Or someone may give you {1,5,9,12} as a candidate solution.
This is again in invalid solution, because we want to know whether the graph
contains 5 vertices, but this subset only has 4 vertices.

Slide 5:

The algorithm we use to verify a candidate solution is a verifier.
This algorithm takes as input an instance x of the problem together with a
candidate solution s.
In the example of CLIQUE, the verifier takes as input the instance x consisting
of a graph G and an integer k, such as the graph G on the previous slide and
k=5.
The verifier also takes as input a candidate solution s, such as {1,5,9,12,14}
on the previous slide.

If this verifier accepts the instance x and a candidate solution s, then x must
be a "yes" instance.
For example, if the verifier algorithm for Clique accepts, then the vertex
subset must be a clique to the graph containing k vertices.

Conversely, if the instance x is a "yes" instance, then there must be some
candidate solution causing the verifier to accept.
In the case of CLIQUE, if the graph G does contain a clique of size k, a
candidate solution causing the verifier to accept is simply the correct
solution, i.e. a set of k vertices that form a clique.

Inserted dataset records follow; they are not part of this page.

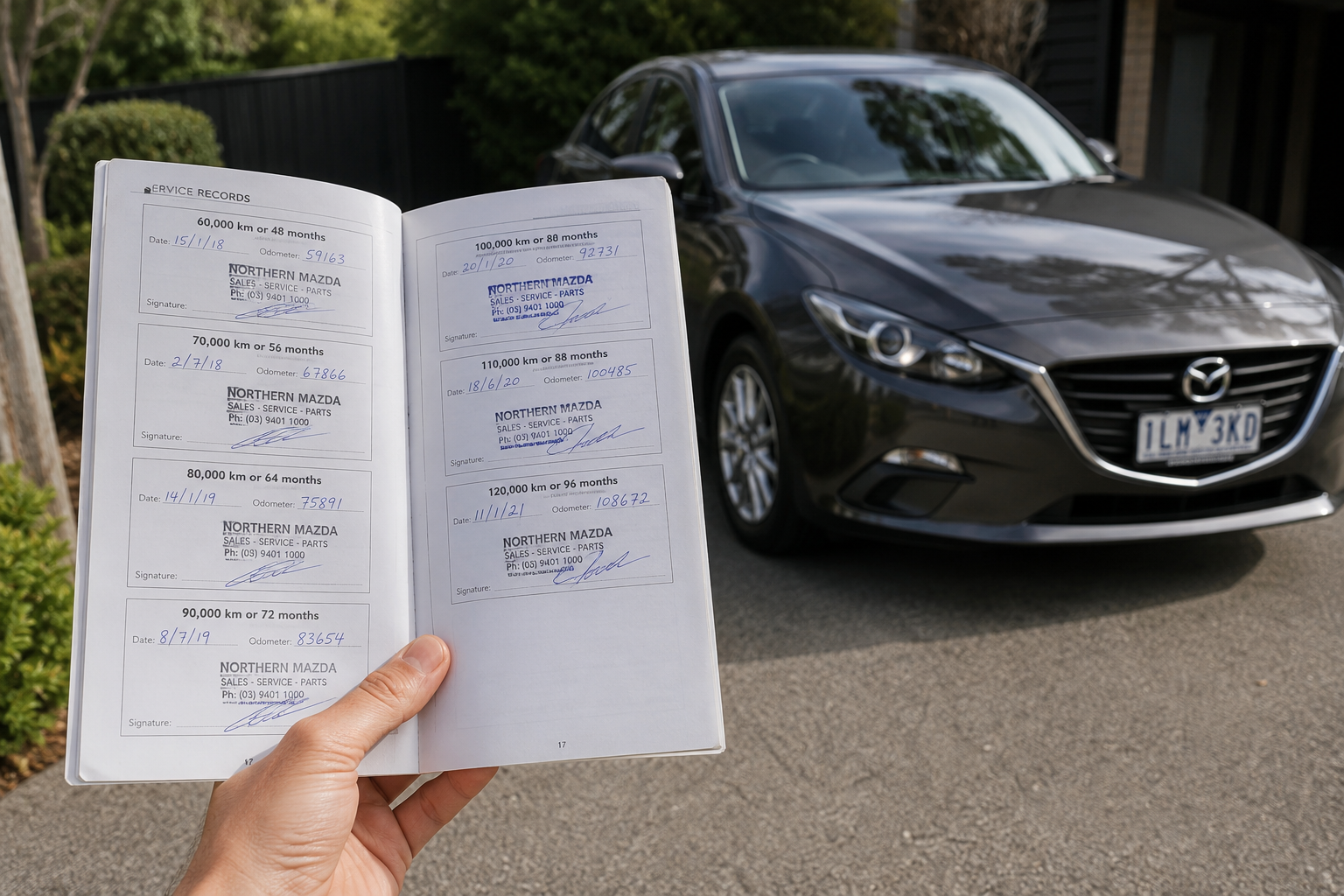 Car service log with Mazda sedan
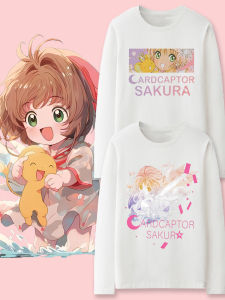 Collaboration Long Sleeve T-Shirt Womens Autumn Anime Sakura Cartoon Print Loose Fit Cotton Base Layer Shirt for Young Women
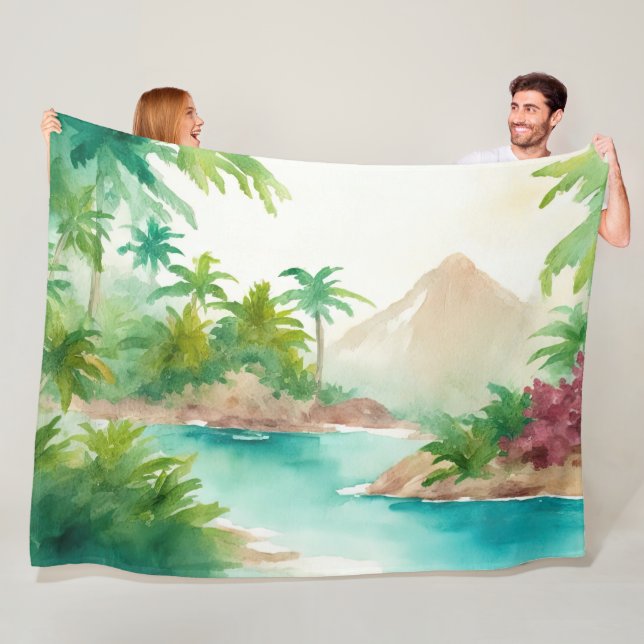 Impressionistin Watercolor Tropical Island Szene Fleecedecke (Beispiel)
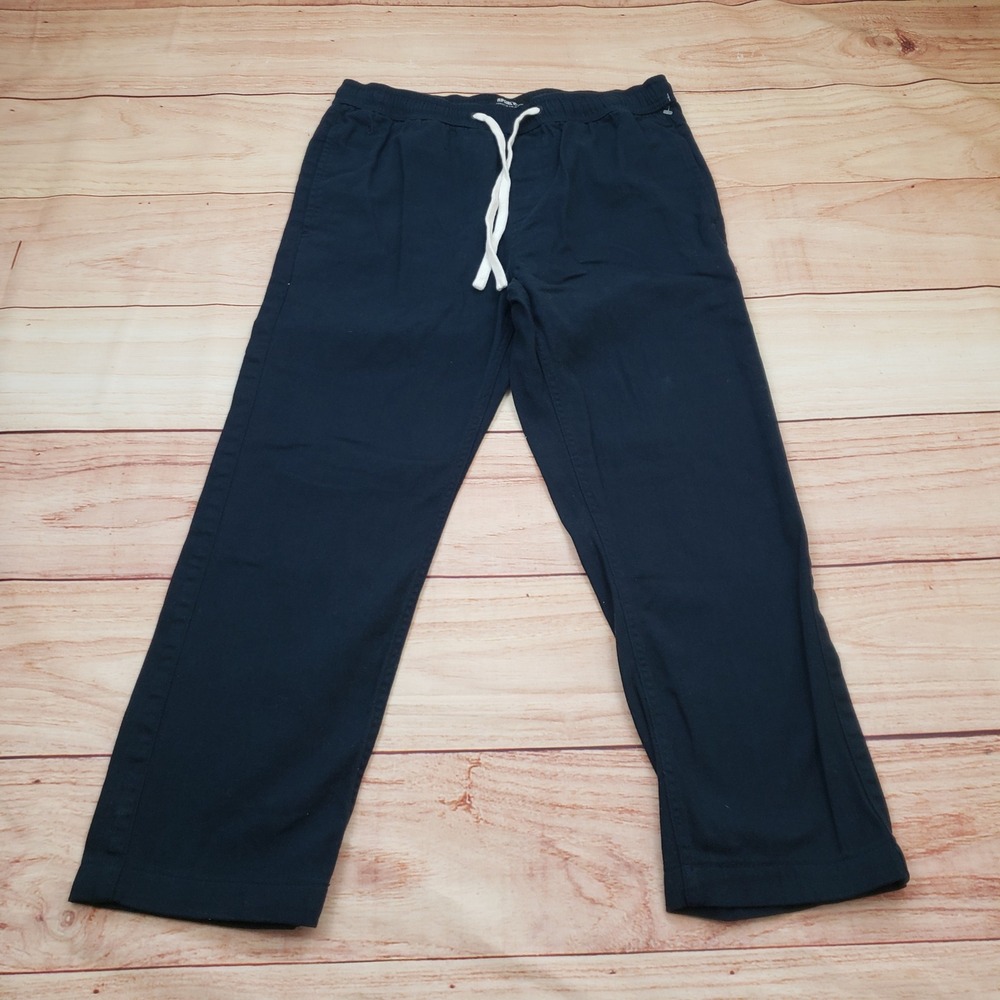 Rip Curl Straight Fit Pants Mens Small Navy Blue Cotton Drawstring 01BMPA Surf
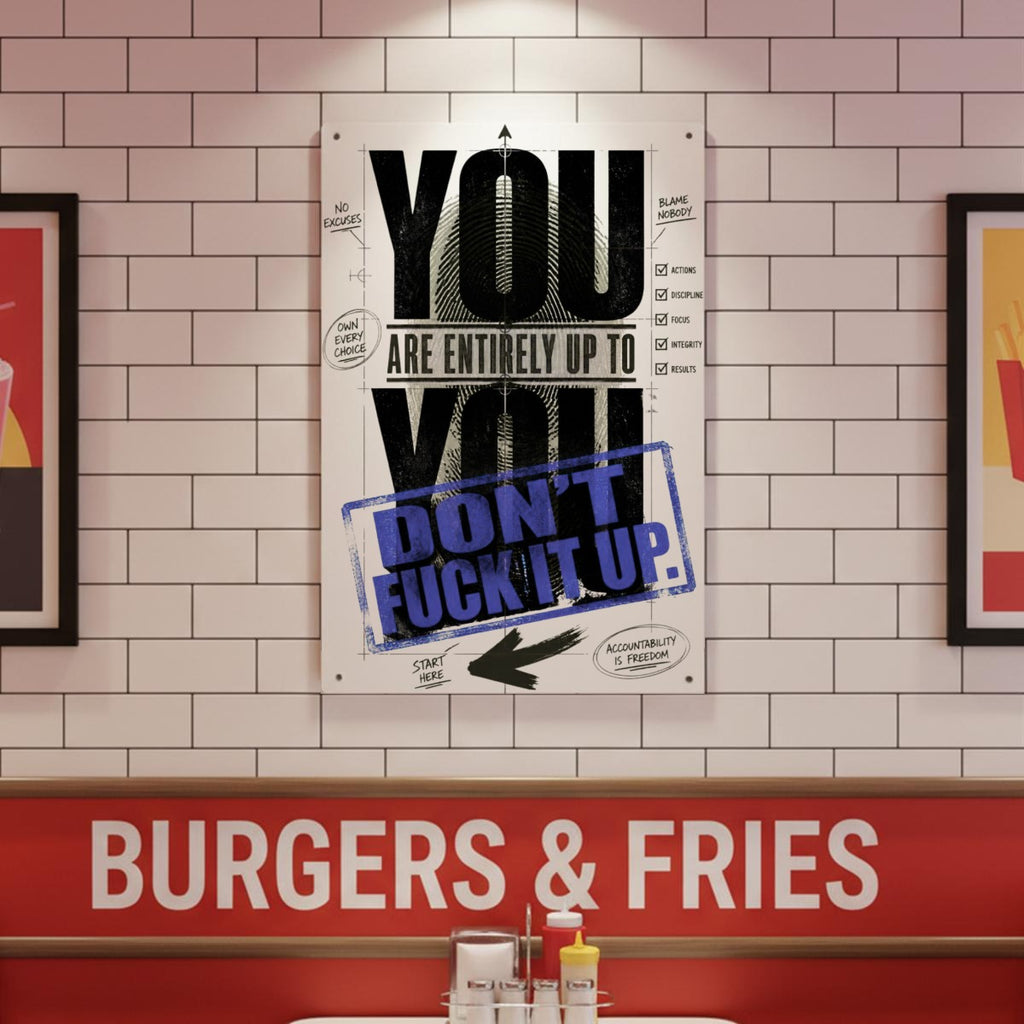 You Are Entirely Up to You Metal Sign – Don’t Fuck It Up Blue Motivational Wall Decor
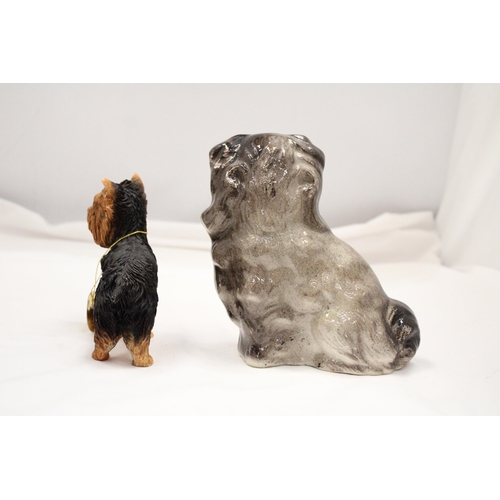 204 - A FIGURE OF A MANTLE BLACK SPANIEL DOG AND A FURTHER LEONARD COLLECTION FIGURE OF A YORKSHIRE TERRIE... 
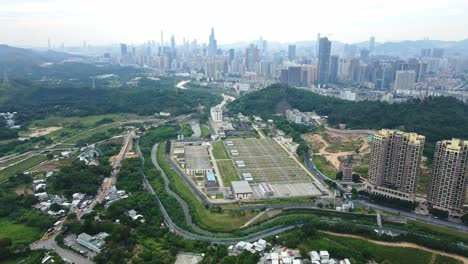 aerial top view of law fong sewage treatment facility in shenzhen river, mainland china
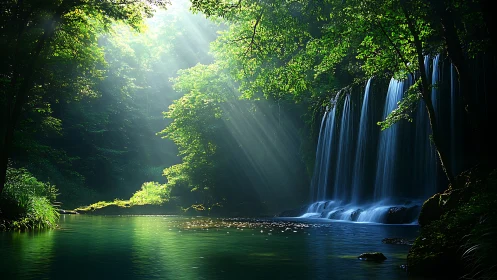 Sunlit forest waterfall pours into still green river pool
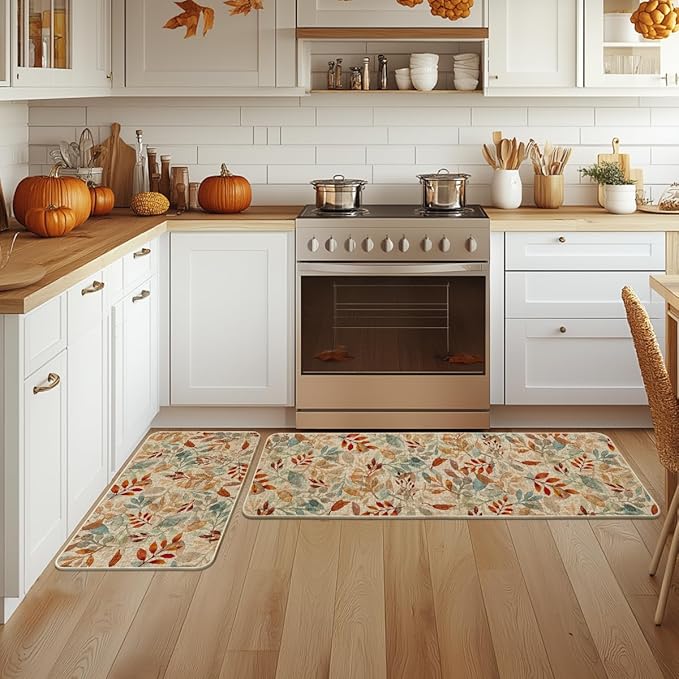 Artoid Mode Watercolor Leaves Eucalyptus Fall Kitchen Mats Set of 2, Home Decor Low-Profile Kitchen Rugs for Floor - 17x29 and 17x47 Inch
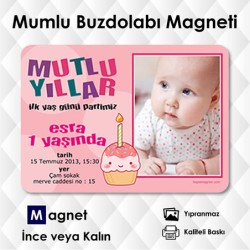 Cupcake ve Mumlu Yaş Günü Buzdolabı Süsü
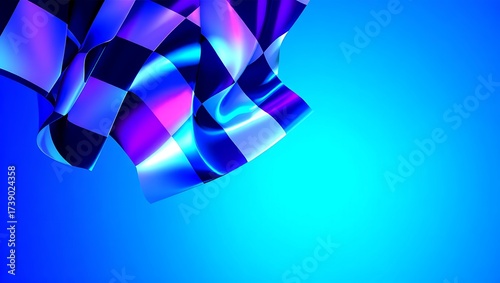 Checkered flag with vibrant neon colors and futuristic design for graphic use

The verifier runs in polynomial time if it runs in time polynomial in the length
of the instance. Here this notation |x| means the length of the instance, that
is, the number of bits required to represent the instance.
In other words, a polynomial-time verifier can quickly verifier whether a
candidate solution is correct or not.

Note that whether the verifier is efficient only depends on the length of the
instance, not the length of the candidate solution.
But implicitly the candidate solution must be relatively short, that is, it must
have length polynomial in the size of the instance.
This is because our polynomial-time verifier can only read a polynomial number
of bits from the candidate solution.

And here comes the crucial definition: NP denotes the class of problems that
have polynomial-time verifiers.
That is, problems whose candidate solutions can be verified in polynomial time.

Slide 6:

From this definition, the decision problem CLIQUE is in NP.
Given in stance to CLIQUE, that is, "Does graph G contain a clique of size k?",
together with a candidate solution C, consisting of a subset of vertices in G,
here is a verifier algorithm.

The verifier makes sure C contains k vertices.
It also makes sure all pairs of vertices in C are connected by an edge in G.
If all these conditions are satisfied, the verifier accepts (declares the
candidate solution as valid), otherwise the verifier rejects.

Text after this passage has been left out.